- WHAT THE TASK ASKS
Transcribe everything in the listing as written, and let no image into the copy.

- SUPPLIED DATA

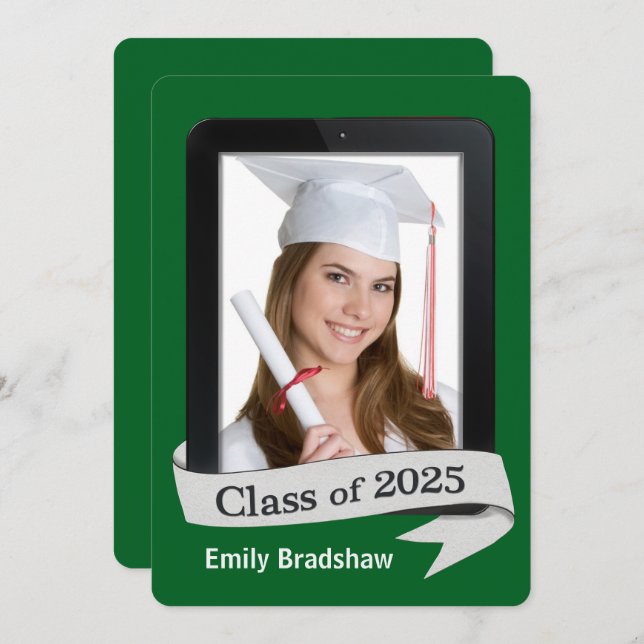 Invitación Comenzó la Graduación de Tablet Electrónica en 202 (Anverso / Reverso)
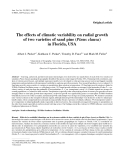 Báo cáo khoa học: "The effects of climatic variability on radial growth of two varieties of sand pine (Pinus clausa) in Florida, USA"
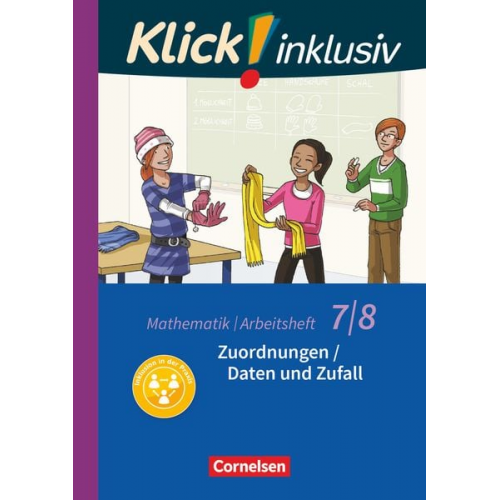 Petra Kühne Elisabeth Jenert - Klick! inklusiv 7./8. Schuljahr - Arbeitsheft 4 - Zuordnungen / Daten und Zufall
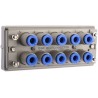 SMC Pneumatic Fitting KDM Series Push to Connect Tube 6mm 60°C Maximum Temperature KDM10-06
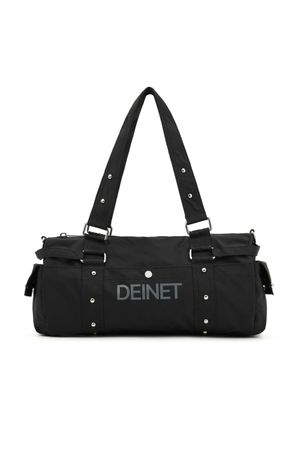 LOGO DUFFLE MINI BAG IN BLACK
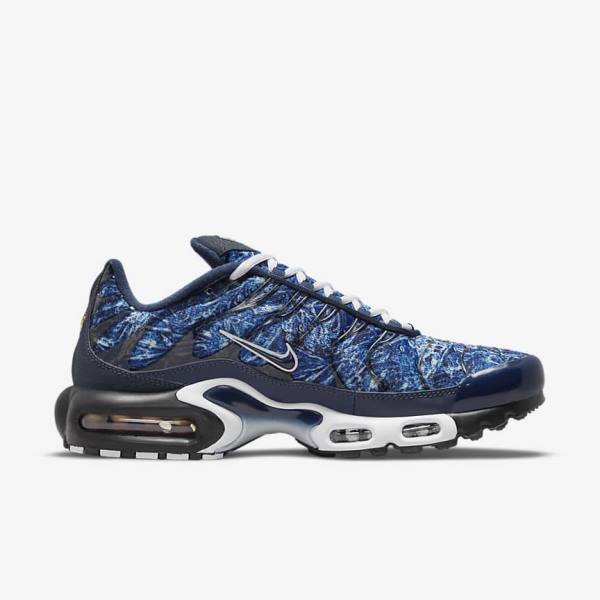 Navy / White / Black / Navy Nike Air Max Plus Men's Sneakers | NK179OGX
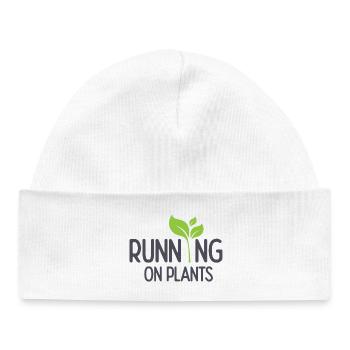 Running On Plants - Baby Organic Beanie - white - Front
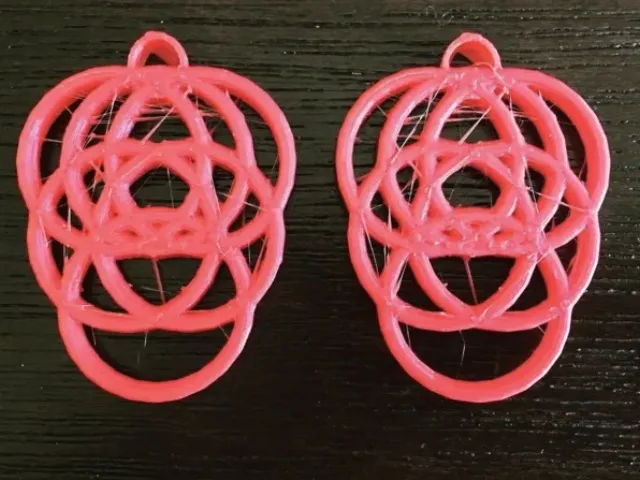 Multiple Rings Earrings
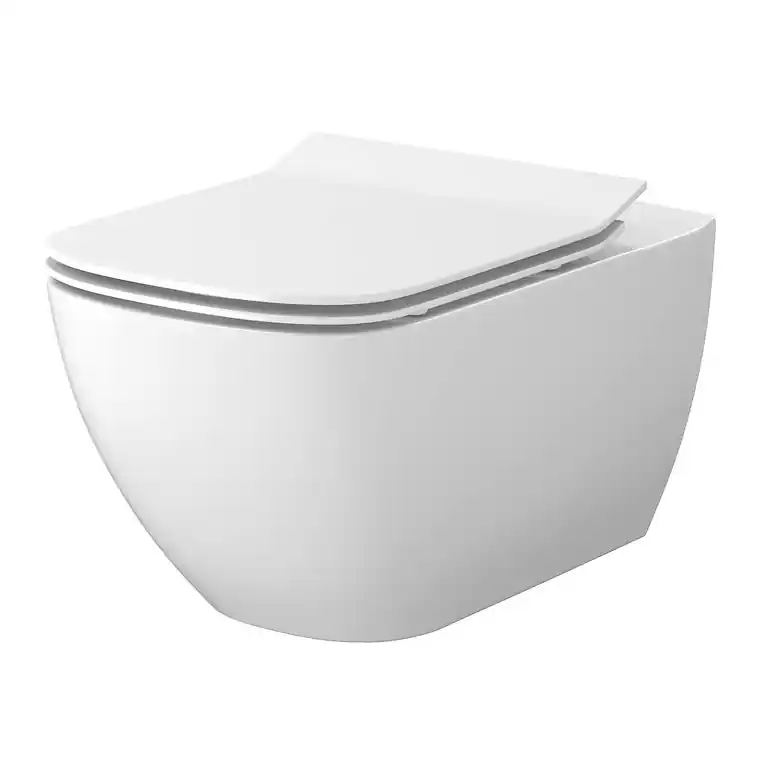 Cersanit Virgo CleanOn perem nélküli fali wc, ülőkével S701-427Cersanit Szuper akció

- TASK ANSWER
 Invitación Comenzó la Graduación de Tablet Electrónica en 202 (Anverso / Reverso)
 Báo cáo khoa học: "The effects of climatic variability on radial growth of two varieties of sand pine (Pinus clausa) in Florida, USA"
 Petra Kühne Elisabeth Jenert - Klick! inklusiv 7./8. Schuljahr - Arbeitsheft 4 - Zuordnungen / Daten und Zufall
 SMC Pneumatic Fitting KDM Series Push to Connect Tube 6mm 60°C Maximum Temperature KDM10-06
 LOGO DUFFLE MINI BAG IN BLACK
 Navy / White / Black / Navy Nike Air Max Plus Men's Sneakers | NK179OGX
 Running On Plants - Baby Organic Beanie - white - Front
 Multiple Rings Earrings
 Cersanit Virgo CleanOn perem nélküli fali wc, ülőkével S701-427Cersanit Szuper akció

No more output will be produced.